● **Exercise brief**
Emit the entire listing verbatim.

____

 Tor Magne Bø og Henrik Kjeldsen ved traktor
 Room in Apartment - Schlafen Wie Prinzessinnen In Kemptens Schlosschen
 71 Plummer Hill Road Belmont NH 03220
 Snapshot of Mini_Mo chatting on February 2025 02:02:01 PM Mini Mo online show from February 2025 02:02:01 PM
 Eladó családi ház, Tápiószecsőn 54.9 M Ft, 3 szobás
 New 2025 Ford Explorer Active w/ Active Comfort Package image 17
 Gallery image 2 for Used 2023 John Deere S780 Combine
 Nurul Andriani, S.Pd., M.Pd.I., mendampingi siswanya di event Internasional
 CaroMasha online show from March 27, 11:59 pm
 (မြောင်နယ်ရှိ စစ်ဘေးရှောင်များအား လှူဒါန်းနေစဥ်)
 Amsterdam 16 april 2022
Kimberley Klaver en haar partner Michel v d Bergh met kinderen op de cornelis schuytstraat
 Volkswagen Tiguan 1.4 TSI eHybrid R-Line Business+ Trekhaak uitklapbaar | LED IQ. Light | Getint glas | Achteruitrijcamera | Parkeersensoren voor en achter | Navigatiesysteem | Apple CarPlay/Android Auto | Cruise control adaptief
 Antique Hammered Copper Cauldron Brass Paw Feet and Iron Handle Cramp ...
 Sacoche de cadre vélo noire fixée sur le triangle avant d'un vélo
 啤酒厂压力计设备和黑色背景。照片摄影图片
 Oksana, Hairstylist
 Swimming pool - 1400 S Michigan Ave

____

● **Expected answer**
 Tor Magne Bø og Henrik Kjeldsen ved traktor
 Room in Apartment - Schlafen Wie Prinzessinnen In Kemptens Schlosschen
 71 Plummer Hill Road Belmont NH 03220
 Snapshot of Mini_Mo chatting on February 2025 02:02:01 PM Mini Mo online show from February 2025 02:02:01 PM
 Eladó családi ház, Tápiószecsőn 54.9 M Ft, 3 szobás
 New 2025 Ford Explorer Active w/ Active Comfort Package image 17
 Gallery image 2 for Used 2023 John Deere S780 Combine
 Nurul Andriani, S.Pd., M.Pd.I., mendampingi siswanya di event Internasional
 CaroMasha online show from March 27, 11:59 pm
 (မြောင်နယ်ရှိ စစ်ဘေးရှောင်များအား လှူဒါန်းနေစဥ်)
 Amsterdam 16 april 2022
Kimberley Klaver en haar partner Michel v d Bergh met kinderen op de cornelis schuytstraat
 Volkswagen Tiguan 1.4 TSI eHybrid R-Line Business+ Trekhaak uitklapbaar | LED IQ. Light | Getint glas | Achteruitrijcamera | Parkeersensoren voor en achter | Navigatiesysteem | Apple CarPlay/Android Auto | Cruise control adaptief
 Antique Hammered Copper Cauldron Brass Paw Feet and Iron Handle Cramp ...
 Sacoche de cadre vélo noire fixée sur le triangle avant d'un vélo
 啤酒厂压力计设备和黑色背景。照片摄影图片
 Oksana, Hairstylist
 Swimming pool - 1400 S Michigan Ave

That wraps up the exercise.